There's a picture on my living-room windowsill of me shaking hands with Shimon Peres. I have tried and failed to figure out what office of state Peres was occupying at the time, because no matter what the political temperature in Israel, Peres always seems to have been there, the great survivor.
Prime Minister twice - once picking up the pieces after the assassination of Yitzchak Rabin in 1995 and providing a safe pair of hands for a nation in agony - a member of 12 Israeli cabinets, defence minister, foreign minister - suffice it to say it's difficult to think of an Israel without a Shimon.
In 2007 Peres became the ninth president of Israel, and in the seven years of his term, the wiliest of politicians finally achieved what he had sought all his life - national affection. In an interview he gave me in 2014, just after stepping down from office, Peres described becoming president as a twofold joy.
On one hand, he said: "I got my freedom when I became president. Politicians are not really liked. You know, when I was a minister or prime minister, I spent all my time mediating with people. I would ask them to do something and there was always the immediate answer, 'No'.

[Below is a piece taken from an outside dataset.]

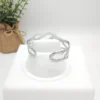 Brazalete Ajustable Irregular Martillado Plateado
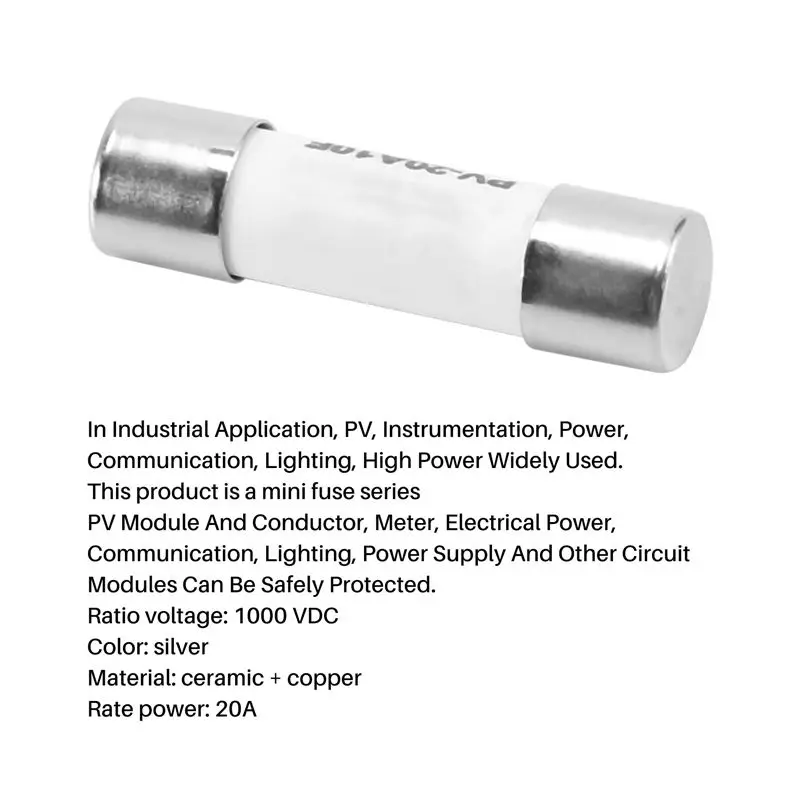 B50C 10 Pcs 1000 VDC Fuse Solar PV Explosion-Proof Fuse Silver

"And then I became president, and the very same people who said 'No', suddenly were saying 'Yes', and I could do things that I couldn't do as prime minister".
On the other hand, Peres said: "Being president is like living in a golden cage - it's nice if you like gold. But if you want to fly, it's a cage - and I prefer to fly."
There is no doubt that Peres made the most of his time as president, travelling the world as a revered elder statesman, often - to the barely disguised annoyance of Prime Minister Benjamin Netanyahu - acting as a kind of supernumerary foreign minister, saying emollient things to global leaders which many diaspora Jews longed for members of the Israeli government to have said.
He enjoyed himself in office and the behind-the-scenes stories about him are manifold, from legendary nightclub evenings in New York to the birthday party to end all birthday parties when he turned 90, celebrating alongside former US President Bill Clinton and being sung to by - who else? - Barbra Streisand.
Out of office, he had a good time, too, rarely letting a photo-opportunity pass him by - such as one this year with supermodel Naomi Campbell on International Women's Day - and surrounding himself, in his office at the Peres Centre for Peace in Jaffa, with an entourage of increasingly pretty girls not born when the former Shimon Persky moved from being a kibbutznik to working for David Ben-Gurion.
That was the springboard for Peres to build Israel's defence industry, adding French to his native Polish and heavily accented Hebrew, in order to buy arms from the French for the 1956 Suez War.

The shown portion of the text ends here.